Red le démon, 1975 — Christian Bourgois, 1996, * Cent pages, 2010
La méfiance de Sorrentino vis à vis du discours s’incarne dans le personnage de la mémé de Red, dont la perversité repose sur le mensonge, sur la permanente propagande de bonté dont elle masque son sadisme.
Mulligan Stew/Salmigondis, 1979, — * Cent pages, 2007
variation carnavalesque sur Finnegan's Wake ethommage à Flann O'Brien dont Sorrentino reprend les personnages et la structure échevelée, libre, flamboyante du désopilant At swim two birds, et formidable terrain de jeu littéraire, qui chahute le lecteur entre des correspondances vachardes, une pièce de théâtre baroque, des listes et jubilantes fatrasies, des chapitres d'un roman en cours d'écriture, des commentaires des personnages de ce roman, mutinés contre leur auteur médiocre et plein d'illusions sur sa littérature ou génial et profondément dépressif.
Petit Casino, 2002, — Actes sud, 2006
commence par une vanité : une série de photos, qui ont le point commun de montrer, au beau milieu de la vie, un regard fixé sur la mort.
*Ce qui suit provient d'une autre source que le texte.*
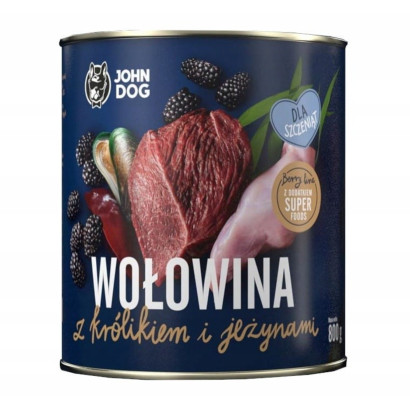 John Dog Berry królik, wołowina puppy 800 g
Et c’est ce qui circule entre les textes de ce livre, ce point de fixité, ce déjà trop tard glissé dans le cœur palpitant de l’espoir, c’est-à-dire du vivant.
La Lune dans son envol, 2004, — Actes sud, 2009
Des scènes de la vie de couples finissent par composer des variations sur la vie d’un couple abstrait, idéal type de la petite bourgeoisie américaine, dans ses désillusions précoces et ses défaites consommées. Chaque texte est un diptyque composé du récit et de son commentaire, expression d'un point de vue à distance immense des espoirs minuscules qui agitent ces petits hommes.